▶ _TO DO_:
Return, word for word, only the lines of the data below that lie between the line with "a view of a" and the line with "concrete artificial rill", those two lines included.

[Items from a dataset]

:::

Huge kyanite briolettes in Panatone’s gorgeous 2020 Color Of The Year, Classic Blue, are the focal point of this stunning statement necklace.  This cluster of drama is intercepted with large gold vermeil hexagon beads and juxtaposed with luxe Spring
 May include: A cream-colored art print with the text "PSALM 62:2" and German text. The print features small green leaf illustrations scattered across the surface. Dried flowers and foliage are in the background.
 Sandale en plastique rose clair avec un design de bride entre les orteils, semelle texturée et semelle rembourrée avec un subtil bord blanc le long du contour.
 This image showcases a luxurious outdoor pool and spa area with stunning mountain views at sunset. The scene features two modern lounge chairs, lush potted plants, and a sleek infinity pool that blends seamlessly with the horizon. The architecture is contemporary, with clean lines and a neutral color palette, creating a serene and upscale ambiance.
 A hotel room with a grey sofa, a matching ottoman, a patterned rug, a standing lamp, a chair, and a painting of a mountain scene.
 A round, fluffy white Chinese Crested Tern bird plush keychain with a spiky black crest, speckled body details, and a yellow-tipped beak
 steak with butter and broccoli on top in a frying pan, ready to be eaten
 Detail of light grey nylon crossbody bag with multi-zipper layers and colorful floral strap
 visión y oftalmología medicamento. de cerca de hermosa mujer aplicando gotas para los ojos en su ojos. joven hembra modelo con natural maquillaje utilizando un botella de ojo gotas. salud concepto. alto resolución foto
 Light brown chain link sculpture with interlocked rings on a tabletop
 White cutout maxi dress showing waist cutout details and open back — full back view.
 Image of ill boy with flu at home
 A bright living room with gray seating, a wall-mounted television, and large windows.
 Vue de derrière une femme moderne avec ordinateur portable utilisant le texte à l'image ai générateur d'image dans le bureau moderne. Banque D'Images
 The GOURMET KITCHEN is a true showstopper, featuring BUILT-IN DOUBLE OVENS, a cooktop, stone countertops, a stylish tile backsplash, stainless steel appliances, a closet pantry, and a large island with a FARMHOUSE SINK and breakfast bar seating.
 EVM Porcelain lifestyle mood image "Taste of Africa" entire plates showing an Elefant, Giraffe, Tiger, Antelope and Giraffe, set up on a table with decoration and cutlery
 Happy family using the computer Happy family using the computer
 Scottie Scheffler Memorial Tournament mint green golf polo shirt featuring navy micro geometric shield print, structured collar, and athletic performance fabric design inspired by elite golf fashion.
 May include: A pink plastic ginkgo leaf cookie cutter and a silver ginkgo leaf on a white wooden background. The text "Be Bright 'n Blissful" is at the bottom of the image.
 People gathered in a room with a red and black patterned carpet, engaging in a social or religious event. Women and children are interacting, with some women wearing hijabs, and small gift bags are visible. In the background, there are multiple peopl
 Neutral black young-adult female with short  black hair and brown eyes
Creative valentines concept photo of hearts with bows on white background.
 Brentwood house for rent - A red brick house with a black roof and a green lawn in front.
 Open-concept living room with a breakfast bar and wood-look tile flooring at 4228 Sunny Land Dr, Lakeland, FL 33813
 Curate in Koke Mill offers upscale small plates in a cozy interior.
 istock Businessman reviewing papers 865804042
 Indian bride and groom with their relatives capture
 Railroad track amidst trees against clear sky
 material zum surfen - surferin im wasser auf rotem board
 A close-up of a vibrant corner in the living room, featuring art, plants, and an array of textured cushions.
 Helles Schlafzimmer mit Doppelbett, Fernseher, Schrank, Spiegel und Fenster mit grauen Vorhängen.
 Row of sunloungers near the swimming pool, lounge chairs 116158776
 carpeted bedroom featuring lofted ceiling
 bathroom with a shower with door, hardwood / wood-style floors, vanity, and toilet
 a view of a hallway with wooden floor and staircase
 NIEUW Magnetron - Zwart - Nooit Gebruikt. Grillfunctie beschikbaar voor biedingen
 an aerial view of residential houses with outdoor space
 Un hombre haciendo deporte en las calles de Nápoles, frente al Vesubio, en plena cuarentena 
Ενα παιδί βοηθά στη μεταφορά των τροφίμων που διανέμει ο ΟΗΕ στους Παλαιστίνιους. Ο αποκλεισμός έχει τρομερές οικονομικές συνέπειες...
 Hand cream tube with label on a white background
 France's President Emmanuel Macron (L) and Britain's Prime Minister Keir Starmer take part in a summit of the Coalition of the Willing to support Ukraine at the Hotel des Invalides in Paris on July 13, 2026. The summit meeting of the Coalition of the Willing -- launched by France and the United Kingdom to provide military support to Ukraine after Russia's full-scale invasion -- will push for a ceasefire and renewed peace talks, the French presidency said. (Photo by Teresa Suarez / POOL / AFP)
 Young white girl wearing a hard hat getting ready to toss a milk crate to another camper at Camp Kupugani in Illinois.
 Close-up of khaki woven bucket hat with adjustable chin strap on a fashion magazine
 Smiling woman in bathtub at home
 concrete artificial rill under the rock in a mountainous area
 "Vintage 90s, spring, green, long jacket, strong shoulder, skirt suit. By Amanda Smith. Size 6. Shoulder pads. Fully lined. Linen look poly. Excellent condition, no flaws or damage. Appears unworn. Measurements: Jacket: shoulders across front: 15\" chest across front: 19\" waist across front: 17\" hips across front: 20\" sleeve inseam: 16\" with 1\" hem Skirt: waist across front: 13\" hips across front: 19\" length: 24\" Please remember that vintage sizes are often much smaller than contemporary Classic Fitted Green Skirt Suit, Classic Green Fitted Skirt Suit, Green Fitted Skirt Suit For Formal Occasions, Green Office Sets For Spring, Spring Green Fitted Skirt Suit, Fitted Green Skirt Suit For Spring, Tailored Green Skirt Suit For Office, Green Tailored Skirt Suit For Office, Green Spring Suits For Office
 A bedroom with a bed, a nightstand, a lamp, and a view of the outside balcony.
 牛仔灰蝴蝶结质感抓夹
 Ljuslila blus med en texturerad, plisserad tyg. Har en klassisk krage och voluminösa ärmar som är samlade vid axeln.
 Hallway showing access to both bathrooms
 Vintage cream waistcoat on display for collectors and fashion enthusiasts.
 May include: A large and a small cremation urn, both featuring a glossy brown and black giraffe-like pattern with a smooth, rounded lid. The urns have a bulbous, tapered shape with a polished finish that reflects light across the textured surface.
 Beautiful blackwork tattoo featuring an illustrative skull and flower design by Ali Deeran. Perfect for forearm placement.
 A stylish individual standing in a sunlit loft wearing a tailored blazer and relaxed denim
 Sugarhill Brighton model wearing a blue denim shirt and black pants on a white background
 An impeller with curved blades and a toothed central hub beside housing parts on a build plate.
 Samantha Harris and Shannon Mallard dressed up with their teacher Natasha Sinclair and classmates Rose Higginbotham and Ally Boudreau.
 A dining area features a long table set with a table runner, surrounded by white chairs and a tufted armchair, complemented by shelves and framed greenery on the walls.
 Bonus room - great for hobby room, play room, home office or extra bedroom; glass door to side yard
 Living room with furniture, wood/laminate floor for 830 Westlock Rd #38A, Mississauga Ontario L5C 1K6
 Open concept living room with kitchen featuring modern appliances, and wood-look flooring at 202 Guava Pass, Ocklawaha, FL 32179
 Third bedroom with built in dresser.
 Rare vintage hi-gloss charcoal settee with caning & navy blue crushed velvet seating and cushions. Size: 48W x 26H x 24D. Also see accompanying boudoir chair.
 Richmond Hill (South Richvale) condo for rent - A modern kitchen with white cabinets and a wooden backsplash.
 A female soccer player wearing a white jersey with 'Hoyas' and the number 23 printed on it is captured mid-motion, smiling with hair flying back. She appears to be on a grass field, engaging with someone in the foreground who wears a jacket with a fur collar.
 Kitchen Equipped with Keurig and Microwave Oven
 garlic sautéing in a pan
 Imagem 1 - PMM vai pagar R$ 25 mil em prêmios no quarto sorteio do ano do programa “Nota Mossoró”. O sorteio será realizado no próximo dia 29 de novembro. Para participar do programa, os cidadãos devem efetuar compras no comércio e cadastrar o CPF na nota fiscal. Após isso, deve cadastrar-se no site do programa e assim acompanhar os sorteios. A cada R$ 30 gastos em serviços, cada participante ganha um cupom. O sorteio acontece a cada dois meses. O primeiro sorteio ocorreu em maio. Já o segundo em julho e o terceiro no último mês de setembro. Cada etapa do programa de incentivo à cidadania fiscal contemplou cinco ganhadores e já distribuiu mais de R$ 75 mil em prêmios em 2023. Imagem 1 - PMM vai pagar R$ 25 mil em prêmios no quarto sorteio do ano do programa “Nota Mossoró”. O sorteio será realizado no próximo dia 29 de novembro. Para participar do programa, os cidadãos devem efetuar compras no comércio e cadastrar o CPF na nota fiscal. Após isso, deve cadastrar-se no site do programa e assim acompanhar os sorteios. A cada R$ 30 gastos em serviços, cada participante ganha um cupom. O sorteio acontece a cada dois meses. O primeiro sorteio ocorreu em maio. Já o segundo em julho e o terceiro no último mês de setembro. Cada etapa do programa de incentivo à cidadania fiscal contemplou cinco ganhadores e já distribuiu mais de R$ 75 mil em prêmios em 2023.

:::

▶ _SOLUTION_:
 a view of a hallway with wooden floor and staircase
 NIEUW Magnetron - Zwart - Nooit Gebruikt. Grillfunctie beschikbaar voor biedingen
 an aerial view of residential houses with outdoor space
 Un hombre haciendo deporte en las calles de Nápoles, frente al Vesubio, en plena cuarentena 
Ενα παιδί βοηθά στη μεταφορά των τροφίμων που διανέμει ο ΟΗΕ στους Παλαιστίνιους. Ο αποκλεισμός έχει τρομερές οικονομικές συνέπειες...
 Hand cream tube with label on a white background
 France's President Emmanuel Macron (L) and Britain's Prime Minister Keir Starmer take part in a summit of the Coalition of the Willing to support Ukraine at the Hotel des Invalides in Paris on July 13, 2026. The summit meeting of the Coalition of the Willing -- launched by France and the United Kingdom to provide military support to Ukraine after Russia's full-scale invasion -- will push for a ceasefire and renewed peace talks, the French presidency said. (Photo by Teresa Suarez / POOL / AFP)
 Young white girl wearing a hard hat getting ready to toss a milk crate to another camper at Camp Kupugani in Illinois.
 Close-up of khaki woven bucket hat with adjustable chin strap on a fashion magazine
 Smiling woman in bathtub at home
 concrete artificial rill under the rock in a mountainous area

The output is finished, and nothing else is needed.